La saisine doit contenir des éléments précis : identité des parties, nature du litige, prétentions chiffrées du demandeur. Un dossier incomplet ralentit la procédure. Se faire accompagner par un avocat spécialisé en droit du travail ou un représentant syndical améliore sensiblement la qualité de la requête.
Le greffe convoque ensuite les deux parties à une audience de conciliation devant le bureau de conciliation et d’orientation. Cette séance préliminaire vise à trouver un accord amiable. Si les parties se mettent d’accord, l’affaire est close. En l’absence d’accord, le dossier est renvoyé devant le bureau de jugement. Depuis la loi du 6 août 2015, dite loi Macron, le bureau de conciliation dispose d’un barème indicatif pour les indemnités, ce qui facilite les négociations.
Comment se déroule l’audience de jugement
L’audience de jugement devant le conseil de prud’hommes oppose le salarié demandeur à l’employeur défendeur. Les deux parties présentent leurs arguments, pièces à l’appui. La formation de jugement est composée de conseillers prud’homaux paritaires : autant de représentants des salariés que d’employeurs, tous élus.
Chaque partie soumet ses conclusions écrites et ses pièces justificatives avant l’audience. Les échanges de pièces suivent un calendrier fixé par le bureau de conciliation. Arriver à l’audience sans pièces communiquées dans les délais est une erreur tactique grave.
Si les conseillers ne parviennent pas à une majorité, le dossier est renvoyé devant le juge départiteur, magistrat professionnel du tribunal judiciaire, qui tranche seul. Ce mécanisme de départition est plus fréquent qu’on ne l’imagine dans les affaires complexes.
Le jugement rendu peut ordonner la réintégration du salarié, ce qui reste rare en pratique, ou condamner l’employeur au versement de dommages et intérêts. Depuis les ordonnances de 2017, un barème fixe des planchers et des plafonds d’indemnisation selon l’ancienneté. Ce barème Macron a été validé par la Cour de cassation en 2021, mais les juges peuvent s’en écarter dans certains cas pour respecter les conventions internationales du travail.
Après le jugement : appel, exécution et prescription
Un jugement prud’homal n’est pas toujours définitif. La partie condamnée dispose d’un délai d’un mois à compter de la notification du jugement pour faire appel devant la cour d’appel compétente.
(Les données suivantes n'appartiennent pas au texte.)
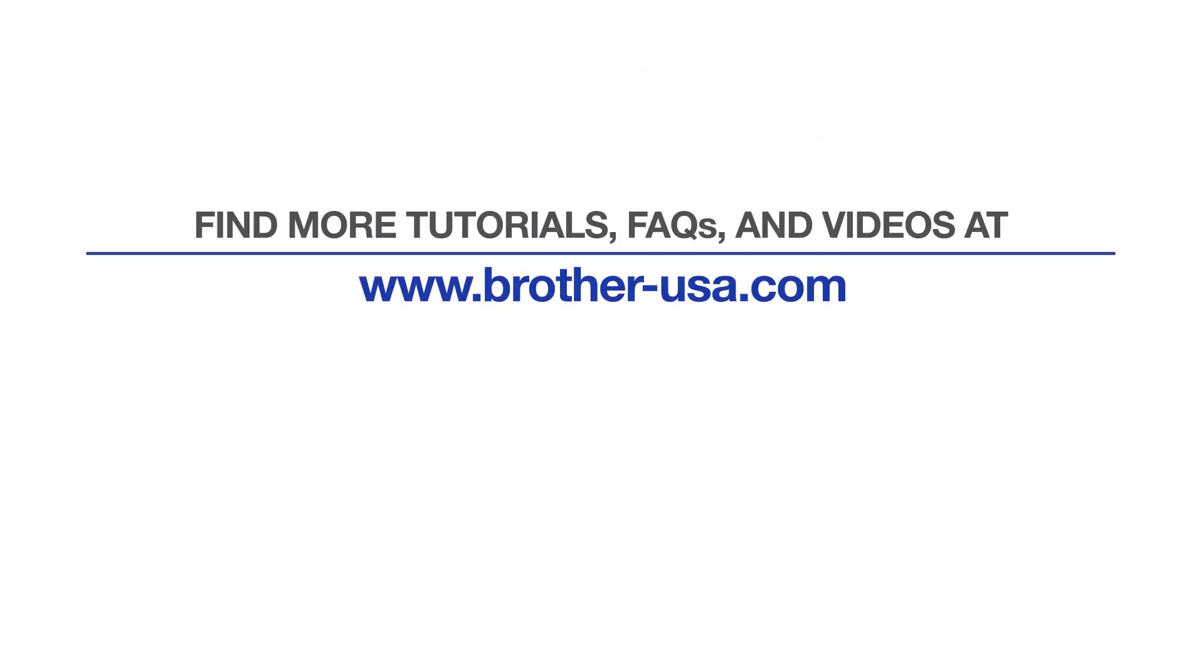For more tutorials, FAQs, and videos, visit us at brother-usa.com/support. If you found this video helpful, be sure to subscribe. Thank you for choosing Brother.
L’appel suspend l’exécution du jugement, sauf pour les créances salariales qui bénéficient d’une exécution provisoire de droit.
La procédure d’appel en matière prud’homale obéit à des règles spécifiques depuis le décret du 6 mai 2017. La représentation par avocat est obligatoire devant la cour d’appel. Les délais pour conclure sont stricts : toute partie qui ne respecte pas le calendrier fixé risque la caducité de sa déclaration d’appel ou l’irrecevabilité de ses conclusions.
Une fois le jugement définitif, son exécution peut être forcée si la partie condamnée ne s’exécute pas spontanément. Le salarié peut alors mandater un huissier de justice (désormais commissaire de justice) pour procéder à des saisies sur les comptes bancaires ou les biens de l’employeur.
Rappelons que seul un professionnel du droit peut fournir un conseil adapté à une situation individuelle. Les règles évoquées ici s’appuient sur les textes en vigueur consultables sur Légifrance et les informations publiées par Service-Public.fr, mais les situations concrètes appellent toujours une analyse personnalisée. Un syndicat de salariés ou une permanence juridique peut constituer un premier point d’entrée accessible pour les salariés qui souhaitent évaluer leurs droits avant d’engager une procédure.